Task to complete: Beginning at the line that holds "اتاق اجرایی, Adana Hiltonsa", repeat every line through the last line of the material, exactly, and drop any pictures.

Material provided:

———

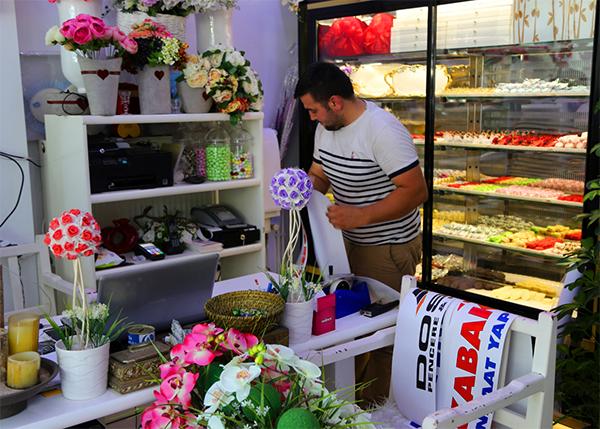 Gelin arabalarının ''sıra dışı'' yazıları gülümsetiyor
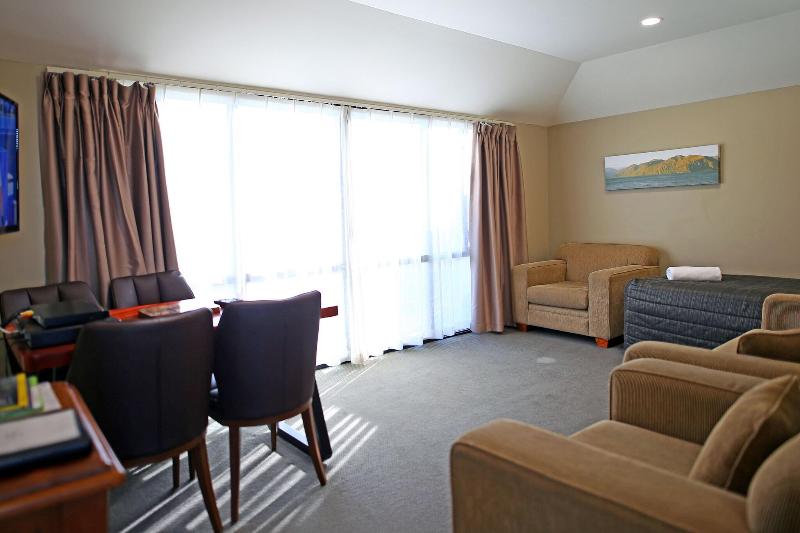 اتاق اجرایی, Adana Hiltonsa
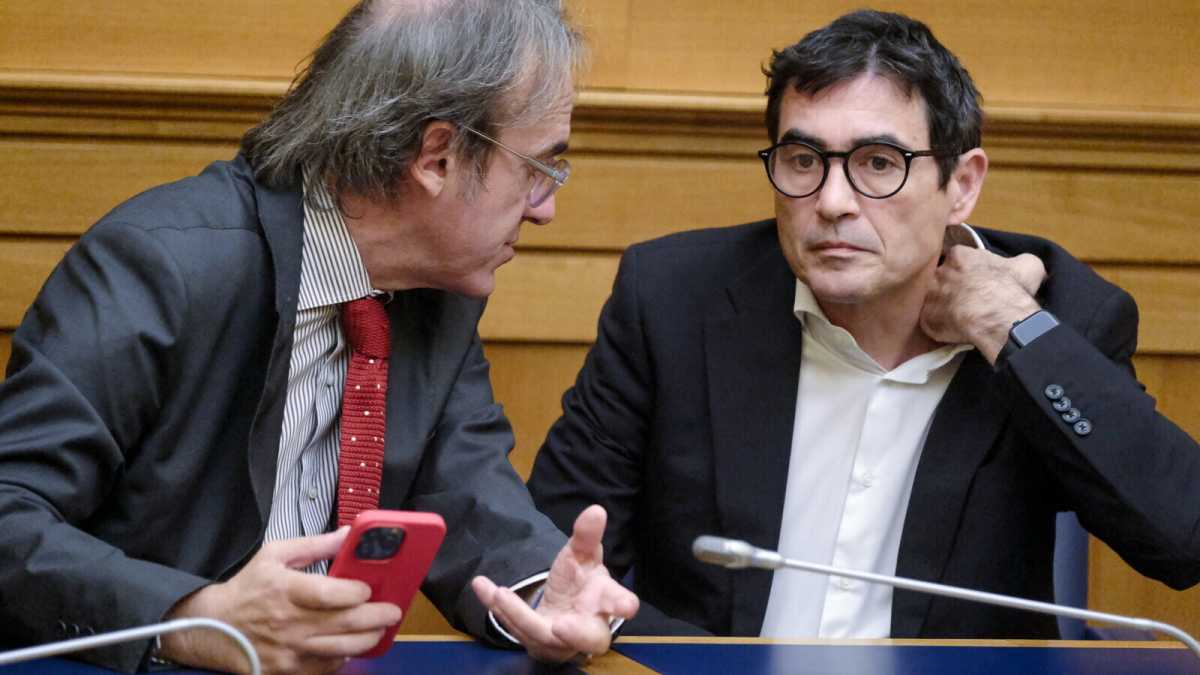 Immagine di Bonelli vs Fratoianni: la sentenza su Ilva mette contro i due “ecologisti”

———

Solved exercise:
 اتاق اجرایی, Adana Hiltonsa
 Immagine di Bonelli vs Fratoianni: la sentenza su Ilva mette contro i due “ecologisti”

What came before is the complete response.